Es gibt zwei Männer in Frankreich, die an ihrer Niederlage durch die Dame von Massabielle wirklich und aufrichtig leiden. Der eine ist Vital Dutour, der glatzköpfige Staatsanwalt von Lourdes, der andere ist Baron Massy, der korrekte Präfekt des Départements der Hohen Pyrenäen.

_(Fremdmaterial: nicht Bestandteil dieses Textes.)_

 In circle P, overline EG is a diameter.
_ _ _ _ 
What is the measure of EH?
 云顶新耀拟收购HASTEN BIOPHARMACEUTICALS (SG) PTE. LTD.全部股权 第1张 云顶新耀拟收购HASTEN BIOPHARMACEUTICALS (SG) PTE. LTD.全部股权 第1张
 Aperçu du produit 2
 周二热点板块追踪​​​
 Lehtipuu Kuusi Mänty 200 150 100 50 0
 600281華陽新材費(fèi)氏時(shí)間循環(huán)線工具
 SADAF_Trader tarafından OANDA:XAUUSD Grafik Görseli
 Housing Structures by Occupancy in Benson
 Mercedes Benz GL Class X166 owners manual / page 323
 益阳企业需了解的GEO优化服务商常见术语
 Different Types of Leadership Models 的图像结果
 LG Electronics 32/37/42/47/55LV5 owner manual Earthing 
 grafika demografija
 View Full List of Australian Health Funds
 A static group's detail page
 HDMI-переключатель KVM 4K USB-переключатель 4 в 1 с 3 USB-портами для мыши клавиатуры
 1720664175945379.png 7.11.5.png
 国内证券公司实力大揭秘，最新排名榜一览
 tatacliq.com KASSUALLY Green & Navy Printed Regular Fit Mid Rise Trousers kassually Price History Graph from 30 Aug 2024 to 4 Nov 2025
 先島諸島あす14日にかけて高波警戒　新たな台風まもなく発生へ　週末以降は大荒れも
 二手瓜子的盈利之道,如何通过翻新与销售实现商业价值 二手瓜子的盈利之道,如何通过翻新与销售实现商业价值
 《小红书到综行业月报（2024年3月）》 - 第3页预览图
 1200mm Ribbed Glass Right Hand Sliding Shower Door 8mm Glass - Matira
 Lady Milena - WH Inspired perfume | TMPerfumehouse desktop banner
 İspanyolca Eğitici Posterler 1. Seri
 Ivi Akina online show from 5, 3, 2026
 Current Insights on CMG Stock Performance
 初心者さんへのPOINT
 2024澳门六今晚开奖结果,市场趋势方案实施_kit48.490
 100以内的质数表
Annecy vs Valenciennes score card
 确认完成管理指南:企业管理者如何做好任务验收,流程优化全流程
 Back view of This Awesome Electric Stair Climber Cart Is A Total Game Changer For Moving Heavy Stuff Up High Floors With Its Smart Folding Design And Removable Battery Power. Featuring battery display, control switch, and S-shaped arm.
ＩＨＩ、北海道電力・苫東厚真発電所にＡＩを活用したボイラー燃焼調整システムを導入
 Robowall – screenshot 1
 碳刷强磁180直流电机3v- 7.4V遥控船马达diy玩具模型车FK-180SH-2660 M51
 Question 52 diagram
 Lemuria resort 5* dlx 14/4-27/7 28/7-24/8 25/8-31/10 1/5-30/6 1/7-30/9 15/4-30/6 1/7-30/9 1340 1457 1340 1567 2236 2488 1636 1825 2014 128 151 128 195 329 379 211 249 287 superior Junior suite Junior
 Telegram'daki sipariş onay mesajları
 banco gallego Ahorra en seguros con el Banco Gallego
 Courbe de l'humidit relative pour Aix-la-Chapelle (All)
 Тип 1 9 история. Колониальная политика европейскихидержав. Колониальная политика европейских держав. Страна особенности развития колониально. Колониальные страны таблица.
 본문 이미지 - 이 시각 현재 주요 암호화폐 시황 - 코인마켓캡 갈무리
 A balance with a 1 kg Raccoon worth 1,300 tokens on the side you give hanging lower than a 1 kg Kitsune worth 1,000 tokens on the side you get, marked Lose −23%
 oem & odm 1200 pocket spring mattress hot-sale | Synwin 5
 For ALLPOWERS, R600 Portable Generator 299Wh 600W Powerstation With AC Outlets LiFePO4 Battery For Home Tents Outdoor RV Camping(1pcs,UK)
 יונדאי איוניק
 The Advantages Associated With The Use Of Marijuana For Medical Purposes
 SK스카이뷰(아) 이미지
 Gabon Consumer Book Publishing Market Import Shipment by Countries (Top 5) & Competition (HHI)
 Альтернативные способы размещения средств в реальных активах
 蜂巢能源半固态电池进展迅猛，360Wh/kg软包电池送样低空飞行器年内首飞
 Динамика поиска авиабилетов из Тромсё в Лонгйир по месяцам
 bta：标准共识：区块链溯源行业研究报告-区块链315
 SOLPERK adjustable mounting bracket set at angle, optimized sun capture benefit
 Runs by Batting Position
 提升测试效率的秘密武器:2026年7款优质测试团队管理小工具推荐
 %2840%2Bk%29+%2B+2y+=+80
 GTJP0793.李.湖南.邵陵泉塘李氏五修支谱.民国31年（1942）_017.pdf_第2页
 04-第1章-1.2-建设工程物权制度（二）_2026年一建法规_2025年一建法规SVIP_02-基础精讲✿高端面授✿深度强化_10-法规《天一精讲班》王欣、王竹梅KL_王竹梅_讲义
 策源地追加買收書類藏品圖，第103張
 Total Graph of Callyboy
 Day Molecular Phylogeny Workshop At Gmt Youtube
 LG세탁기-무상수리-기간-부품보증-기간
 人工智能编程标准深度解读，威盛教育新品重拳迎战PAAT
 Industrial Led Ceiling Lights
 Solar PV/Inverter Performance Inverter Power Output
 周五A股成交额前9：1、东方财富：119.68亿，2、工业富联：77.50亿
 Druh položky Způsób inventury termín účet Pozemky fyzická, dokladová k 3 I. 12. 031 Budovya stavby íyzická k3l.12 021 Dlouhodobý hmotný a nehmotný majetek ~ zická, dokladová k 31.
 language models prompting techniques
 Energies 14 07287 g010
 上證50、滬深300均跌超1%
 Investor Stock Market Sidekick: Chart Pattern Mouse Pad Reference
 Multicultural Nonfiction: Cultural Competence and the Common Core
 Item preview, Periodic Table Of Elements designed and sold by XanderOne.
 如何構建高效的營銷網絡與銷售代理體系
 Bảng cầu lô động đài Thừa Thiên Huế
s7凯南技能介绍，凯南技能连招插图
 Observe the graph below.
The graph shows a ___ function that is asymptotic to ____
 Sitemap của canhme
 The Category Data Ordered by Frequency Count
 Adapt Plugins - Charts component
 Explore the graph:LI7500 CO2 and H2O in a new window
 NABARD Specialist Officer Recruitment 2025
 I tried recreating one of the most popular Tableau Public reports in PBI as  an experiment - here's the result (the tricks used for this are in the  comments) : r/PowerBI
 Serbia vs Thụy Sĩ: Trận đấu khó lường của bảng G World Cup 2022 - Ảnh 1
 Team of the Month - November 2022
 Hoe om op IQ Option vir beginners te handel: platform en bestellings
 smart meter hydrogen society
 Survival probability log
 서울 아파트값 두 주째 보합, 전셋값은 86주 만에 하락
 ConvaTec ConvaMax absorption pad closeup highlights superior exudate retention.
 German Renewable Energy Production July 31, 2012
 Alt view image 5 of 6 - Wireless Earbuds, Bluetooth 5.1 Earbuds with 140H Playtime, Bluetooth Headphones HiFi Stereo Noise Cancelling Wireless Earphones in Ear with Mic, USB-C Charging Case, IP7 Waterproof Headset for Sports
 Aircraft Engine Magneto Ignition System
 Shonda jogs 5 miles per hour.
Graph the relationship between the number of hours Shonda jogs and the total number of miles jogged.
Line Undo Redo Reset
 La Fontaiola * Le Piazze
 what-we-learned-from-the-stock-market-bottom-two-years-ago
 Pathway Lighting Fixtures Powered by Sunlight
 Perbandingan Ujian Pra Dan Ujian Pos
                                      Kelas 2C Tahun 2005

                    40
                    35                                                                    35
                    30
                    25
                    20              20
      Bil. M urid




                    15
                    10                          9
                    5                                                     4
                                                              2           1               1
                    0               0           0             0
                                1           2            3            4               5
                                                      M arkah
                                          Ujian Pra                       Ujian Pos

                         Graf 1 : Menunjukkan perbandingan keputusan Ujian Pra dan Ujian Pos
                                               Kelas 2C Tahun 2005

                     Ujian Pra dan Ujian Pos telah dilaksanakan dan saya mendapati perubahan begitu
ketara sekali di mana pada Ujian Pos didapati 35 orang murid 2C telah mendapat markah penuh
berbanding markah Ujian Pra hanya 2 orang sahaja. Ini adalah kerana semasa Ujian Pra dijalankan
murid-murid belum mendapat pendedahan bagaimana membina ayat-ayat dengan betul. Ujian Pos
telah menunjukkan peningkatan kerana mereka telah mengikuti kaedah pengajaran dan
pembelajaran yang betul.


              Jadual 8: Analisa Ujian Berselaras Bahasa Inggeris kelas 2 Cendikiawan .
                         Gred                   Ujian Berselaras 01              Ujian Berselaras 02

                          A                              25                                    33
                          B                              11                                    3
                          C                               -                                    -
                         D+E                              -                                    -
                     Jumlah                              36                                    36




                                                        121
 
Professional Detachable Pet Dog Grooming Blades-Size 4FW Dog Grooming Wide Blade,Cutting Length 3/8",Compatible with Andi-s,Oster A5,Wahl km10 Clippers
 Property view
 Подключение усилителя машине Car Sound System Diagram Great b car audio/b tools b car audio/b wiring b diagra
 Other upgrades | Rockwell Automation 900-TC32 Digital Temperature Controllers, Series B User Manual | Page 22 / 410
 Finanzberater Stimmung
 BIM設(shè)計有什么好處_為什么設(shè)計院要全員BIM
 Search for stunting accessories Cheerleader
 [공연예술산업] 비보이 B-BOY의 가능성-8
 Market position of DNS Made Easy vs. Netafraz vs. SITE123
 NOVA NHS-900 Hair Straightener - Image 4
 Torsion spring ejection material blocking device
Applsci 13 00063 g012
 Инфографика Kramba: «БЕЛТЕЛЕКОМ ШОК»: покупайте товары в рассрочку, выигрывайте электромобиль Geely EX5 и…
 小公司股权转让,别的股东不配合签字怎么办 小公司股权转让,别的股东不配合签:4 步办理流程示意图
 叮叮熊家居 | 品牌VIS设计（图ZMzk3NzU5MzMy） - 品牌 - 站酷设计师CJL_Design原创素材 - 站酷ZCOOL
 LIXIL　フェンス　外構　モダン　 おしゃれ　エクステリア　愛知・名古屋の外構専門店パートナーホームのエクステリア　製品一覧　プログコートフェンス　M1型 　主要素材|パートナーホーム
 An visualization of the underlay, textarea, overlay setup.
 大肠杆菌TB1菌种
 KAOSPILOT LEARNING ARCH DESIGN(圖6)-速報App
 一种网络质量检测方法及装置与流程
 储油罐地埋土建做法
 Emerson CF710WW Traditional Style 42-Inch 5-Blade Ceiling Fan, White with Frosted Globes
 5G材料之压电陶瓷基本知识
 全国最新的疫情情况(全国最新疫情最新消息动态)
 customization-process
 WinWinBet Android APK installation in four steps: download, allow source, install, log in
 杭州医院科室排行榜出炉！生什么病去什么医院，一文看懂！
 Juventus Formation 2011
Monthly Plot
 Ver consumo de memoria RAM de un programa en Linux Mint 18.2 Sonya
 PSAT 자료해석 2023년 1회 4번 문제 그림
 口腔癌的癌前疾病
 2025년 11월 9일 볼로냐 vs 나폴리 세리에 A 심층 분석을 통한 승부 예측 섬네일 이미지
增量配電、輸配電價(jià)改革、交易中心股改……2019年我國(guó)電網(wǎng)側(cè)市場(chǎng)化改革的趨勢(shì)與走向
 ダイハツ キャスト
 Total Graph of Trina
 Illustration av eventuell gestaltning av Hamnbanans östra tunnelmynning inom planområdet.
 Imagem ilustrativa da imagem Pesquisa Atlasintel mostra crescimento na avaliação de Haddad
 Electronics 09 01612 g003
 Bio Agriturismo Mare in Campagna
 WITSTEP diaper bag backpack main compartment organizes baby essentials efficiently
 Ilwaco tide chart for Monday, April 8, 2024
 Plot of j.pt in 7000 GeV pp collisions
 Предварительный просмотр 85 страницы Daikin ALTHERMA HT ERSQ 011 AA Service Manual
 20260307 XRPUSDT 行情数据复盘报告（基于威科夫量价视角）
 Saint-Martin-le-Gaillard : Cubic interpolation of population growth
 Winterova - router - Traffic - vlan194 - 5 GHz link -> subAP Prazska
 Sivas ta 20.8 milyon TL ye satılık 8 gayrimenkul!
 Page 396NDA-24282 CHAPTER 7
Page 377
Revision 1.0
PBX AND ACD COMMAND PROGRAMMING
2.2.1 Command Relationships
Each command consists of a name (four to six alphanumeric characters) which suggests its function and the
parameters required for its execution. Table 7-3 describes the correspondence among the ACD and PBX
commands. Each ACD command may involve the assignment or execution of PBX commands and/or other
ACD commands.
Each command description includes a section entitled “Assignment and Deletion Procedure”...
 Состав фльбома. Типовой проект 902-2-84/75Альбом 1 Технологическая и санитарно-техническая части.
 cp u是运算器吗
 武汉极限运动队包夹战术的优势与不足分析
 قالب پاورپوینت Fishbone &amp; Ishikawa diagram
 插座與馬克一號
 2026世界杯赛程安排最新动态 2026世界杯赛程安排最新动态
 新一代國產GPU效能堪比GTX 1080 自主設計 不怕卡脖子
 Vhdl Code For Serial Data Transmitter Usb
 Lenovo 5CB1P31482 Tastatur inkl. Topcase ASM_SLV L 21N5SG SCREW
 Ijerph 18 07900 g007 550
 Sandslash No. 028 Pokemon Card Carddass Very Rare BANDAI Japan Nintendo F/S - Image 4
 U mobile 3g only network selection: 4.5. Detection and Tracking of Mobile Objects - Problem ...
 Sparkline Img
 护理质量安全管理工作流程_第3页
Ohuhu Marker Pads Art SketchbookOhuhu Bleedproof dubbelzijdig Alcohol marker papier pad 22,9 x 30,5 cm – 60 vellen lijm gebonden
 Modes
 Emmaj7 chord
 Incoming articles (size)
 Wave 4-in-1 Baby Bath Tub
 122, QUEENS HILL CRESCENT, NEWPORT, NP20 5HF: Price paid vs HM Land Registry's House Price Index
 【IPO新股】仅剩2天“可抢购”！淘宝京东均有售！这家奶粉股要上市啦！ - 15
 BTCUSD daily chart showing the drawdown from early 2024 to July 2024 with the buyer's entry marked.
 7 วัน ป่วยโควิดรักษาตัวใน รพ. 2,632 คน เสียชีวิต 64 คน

Der innerste Antrieb der meisten Menschen scheint der Hochmut zu sein, oder genauer gesagt, der brennende Wunsch nach stetigem Überlegenheitsgefühl. Das gesellige Leben erfordert es, daß die Menschen ihren Hochmut noch schamhafter verbergen als den Geschlechtstrieb. Um so verzehrender aber wütet er in ihrem Gemüt. Jeder Stand hat nun seine eigene Art und seinen eigenen Grad von Hochmut. Vielleicht übertrifft aber der Hochmut des Bürokraten, wenn er gereizt ist, noch den der andern menschlichen Stände. Der Beamte ist ja in seinen eigenen Augen nicht nur ein x-beliebiger Funktionär der Staatsgewalt. Wenn er an seinem Schreibtisch sitzt, so fühlt er sich als diese Staatsgewalt selbst. Mag er auch nur Briefe stempeln, so ist er doch andern und höheren Wesens als das Publikum, wie etwa die Engel andern und höheren Wesens sind als die Sterblichen. Als Richter, Polizeichef, Zöllner, Steuertyrann wirft er die Lose der Menschen, weit offenbarer, als die Vorsehung selbst. Alle umdienern ihn mit furchtsamen Bücklingen, denn in seiner Hand ist das Gesetz wie Wachs. Von der Krone des Kaisers, die er gleichsam mitträgt, erhält er seine Zauberkraft. Er weiß genau, daß er praktisch weniger ist und weniger kann als jeder Gelehrte, Arzt, Ingenieur, ja selbst als der Schmied und Schlosser, der sein Handwerk erlernt hat. Nimmt man ihm jenen Zauber, der aus der Gewalt strömt, so ist er nichts als ein klapprig deklassierter Schreiber. Je verwundbarer aber ein menschlicher Hochmut ist, um so erbitterter muß er verteidigt werden. Blamiert sich der Bürokrat, so blamiert er das göttliche Prinzip der Macht in Person. Das kann nicht geduldet werden.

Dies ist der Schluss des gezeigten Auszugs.